E o fato de que mais uma sexta estava chegando e com ela aquele mesmo sentimento de ansiedade com a ideia de ver David de novo não me tranquilizava nem um pouco. Porém, ao contrário das anteriores — com a expectativa de provocações sujas e insinuações torturantes e sensuais — eu só conseguia experimentar o tipo de ressentimento mais destruidor que existia. Durante toda aquela semana não houveram mensagens, nem ligações porque bloqueei o número dele, e sempre que eu saía à noite com a minha moto passava muito longe do bairro dele indo cada vez mais distante da minha zona para conseguir acalmar os pensamentos. Passei a precisar ficar muito mais tempo sentindo o frio cortante da madrugada para não voltar àquele momento na porta da casa.

Os lábios da loira encostando nos dele e as mãos dela roçando na gravata desamarrada jogaram por terra os momentos de prazer febris que ele me proporcionou. Agora era só tortura, era só aquela queimação no peito que me fazia querer chorar nos momentos mais inoportunos. E não era diferente naquela tarde, três sextas-feiras depois do sábado desastroso quando entrei no escritório de Cindy Holland, uma das produtoras executivas de Stranger Things e diretora criativa da Netflix. Apesar dela confiar muito mais em mim do que nos outros delivery boys que contratava para levar os roteiros que milhares de pessoas matariam para ler antes do lançamento, a verdade era que eu não queria nem pensar em entrar na sala do David outra vez. Só a ideia fazia meu estômago doer e minha garganta fechar.

— Eu sei que você me pediu para não entregar mais para lá, mas essa é de suma importância — Cindy me disse quando me sentei num dos sofás da sala dela.

A produtora colocou uma mala lacrada sobre a mesa com uma expressão muito séria e compenetrada antes de dizer:

— Esse é o contrato oficial e revisado do David para a quarta temporada da série e eu só confio em você para entregar. Do jeito que a terceira temporada acabou, eu não posso arriscar que a notícia da renovação dele se espalhe e você é a pessoa mais discreta que eu conheço.

Apertei os olhos ao ouvi-la.

A terceira temporada de Stranger Things havia sofrido um adiamento que havia preocupado os fãs e minhas suposições sobre o roteiro e a alta exigência de discrição na entrega dos papéis me fizeram pensar que algo importante aconteceria nos próximos episódios. Era uma grande responsabilidade.

As palavras dela eram sinceras e todos os dias eu agradecia pela confiança que tinha no meu trabalho. Eu entregava para diversos lugares: Lojas de vestidos caros, sex shops, produtores que queriam discrição em seu trabalho, até presentes de maridos para amantes! Tudo porque eu era discreta, ágil, excelente no que fazia. Já tinha ouvido aquelas frases antes, mas daquela vez era muito mais complicado.

— Eu agradeço muito a confiança que você tem em mim, Cindy. De verdade — comecei apoiando os cotovelos nos joelhos, só de falar aquilo eu já me sentia exausta psicologicamente —, mas por favor mande outra pessoa.

A sra. Holland esboçou uma reação de estranheza.

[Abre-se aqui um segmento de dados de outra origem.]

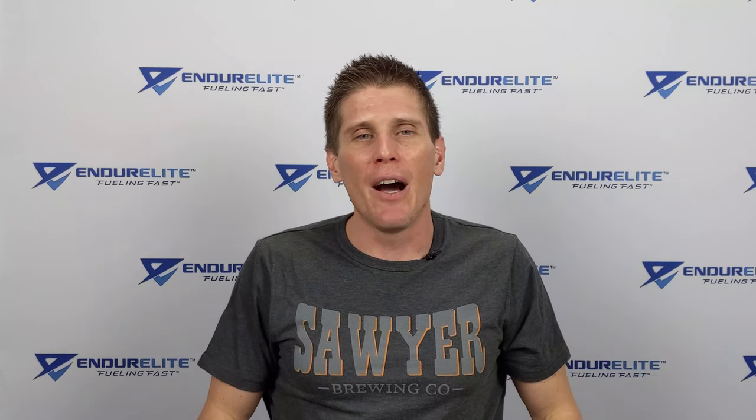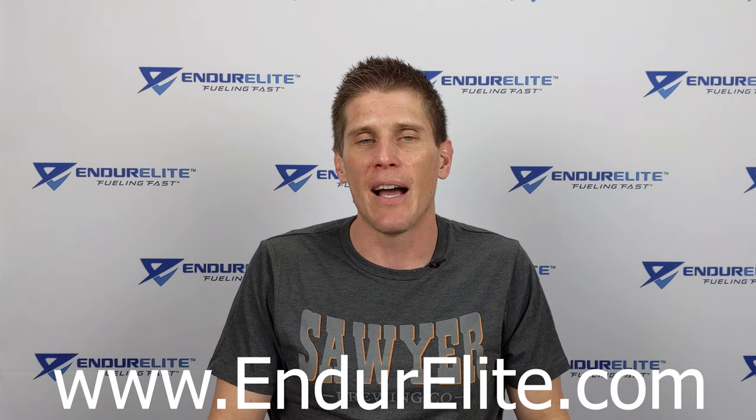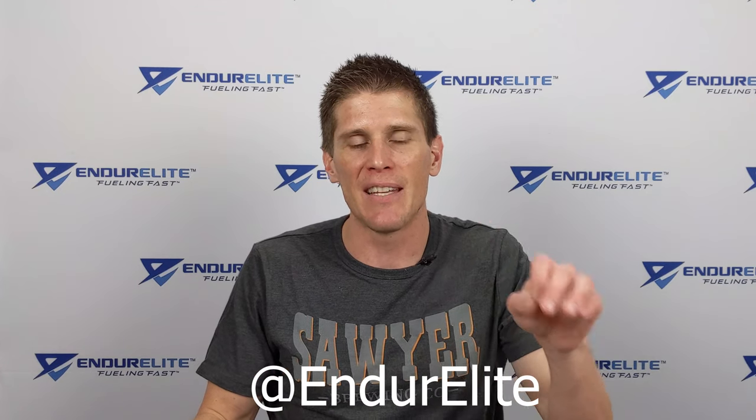If you want other videos like this on endurance training, nutrition, and supplementation, subscribe to the EnduroElite YouTube channel or head over to the EnduroElite blog at www.enduroelite.com. Get social with us on Instagram and Facebook where you'll find 60-second brain bombs on these types of topics. Until next time, my endurance friends — stay fueled, stay focused, and stay fast.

— Aconteceu alguma coisa? — Cindy perguntou, direta e reta. — Já é a terceira sexta-feira que você recusa entregar para esse endereço.

Senti um frio subir pelo abdômen. Se qualquer um desconfiasse do que havia acontecido seria o meu fim! Ninguém contrataria uma delivery girl que transa com os destinatários, era completamente anti-profissional e eu só pensei nisso depois que a merda estava feita. Bolei a melhor desculpa que consegui, mesmo sabendo que não seria nem um pouco convincente.

— É que... É uma responsabilidade grande demais e eu tenho medo de fazer merda. Quer dizer, é um contrato oficial da Netflix! Isso não requer um comboio armado ou algo do tipo?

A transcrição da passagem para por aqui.